10/06/2012 05:22 EDT | Updated 12/06/2012 05:12 EST

B.C. Probes Possible E. Coli Case Linked To Beef Recall

A hamburger made from ground beef containing what is derisively referred to as "pink slime," or what the meat industry calls "lean, finely textured beef," right, and one made from pure 85% lean ground beef are ready for tasting Thursday, March 15, 2012 in Concord, N.H. Under a change announced Thursday by the U.S. Department of Agriculture, districts that get food through the government's school lunch program will be allowed to say no to ground beef containing the ammonia-treated filler and choose filler-free meat instead. The low-cost filler is made from fatty meat scraps that are heated to remove most of the fat, then treated with ammonium hydroxide gas to kill bacteria such as E. coli and salmonella. (AP Photo/Jim Cole)
The B.C. Centre for Disease Control is investigating a possible case of E. coli sickness that could be linked to contaminated beef from the XL Foods plant in Brooks, Alta.

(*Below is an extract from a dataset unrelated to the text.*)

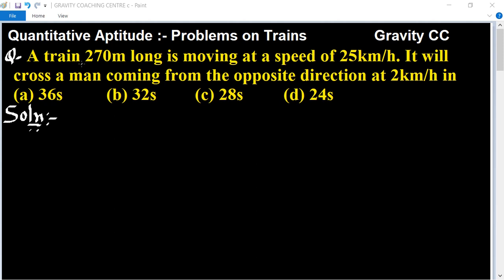Question. A train 270 meters long is moving at a speed of 25 km per hour. It will cross a man coming from the opposite direction at 2 km per hour.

Carol Swan with the B.C. CDC says a patient was treated by the Vancouver Island Health Authority.

"We are waiting to see if we have a confirmed case of the E. coli related to the beef recall and at this point we do not have a confirmed case," Swan said.

Swan couldn't say how sick the patient is, but says results likely won't come back until Sunday.

Five people in Alberta fell ill last month from E. coli linked to steaks processed at the XL plant in Brooks, Alta. Officials say one case in Newfoundland has also been linked to the recalled meat.

Dozens of meat cuts and stores have been added to the list of recalled meat, which now contains hundreds of products sold at stores across Canada and the United States.